Венецианцы защищались мужественно и решительно. Снова и снова их артиллерия уничтожала целые секции осадных башен, но все было тщетно: несколько сотен саперов принимались за работу, и к утру башни были как новые. Медленно тянулись недели, и защитники начали отчаиваться. Надежда на прибытие венецианско-испанских сил поддержки, которая воодушевляла их всю зиму и весну, угасла; не хватало пороха, недостаток провизии ощущался еще острее. К июлю в городе были съедены все лошади, ослы и кошки; остался только хлеб и бобы. Из всех защитников лишь 500 человек еще могли держать в руках оружие, да и те падали без сил от недостатка сна. 29 июля турки устроили новую общую атаку, пятую по счету. Христиане ее сдержали, потеряв две трети своего состава убитыми и ранеными. 30 июля произошла еще одна атака, 31-го – другая, но даже тогда Мустафа не смог прорваться в город. Однако той ночью венецианские командующие проинспектировали оборонительные сооружения, оставшиеся запасы еды и боеприпасов и поняли, что больше они не продержатся. Сдавшись добровольно, они, согласно общепринятым правилам войны, смогут избежать массовой резни и грабежей, которые в противном случае были неизбежны. На рассвете 1 августа на бастионах Фамагусты появился белый флаг.
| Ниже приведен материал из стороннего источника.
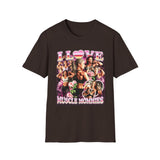 I Love Muscle Mommies Gym Humor Graphic Tee - Front - Alt Color | INKHAUS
Условия заключения мира были на удивление щедрыми. Всем итальянцам будет позволено сесть на корабли и уплыть на Крит; с ними могут отправиться греки, албанцы или турки, которые пожелают их сопровождать. По дороге их не станут преследовать турецкие суда – напротив, они предоставят им всю необходимую помощь. Грекам, пожелавшим остаться на острове, будет гарантирована свобода и сохранность собственности, и им дадут два года, чтобы решить, останутся ли они на Кипре насовсем; тем, кто решит уехать, предоставят свободный проезд в любую страну по их выбору. Документ, в котором были изложены эти условия, подписал сам Мустафа и скрепил его султанской печатью; затем его вернули Бальони и Брагадину с сопроводительным письмом, в котором выражалось восхищение их мужеством и великолепной защитой города.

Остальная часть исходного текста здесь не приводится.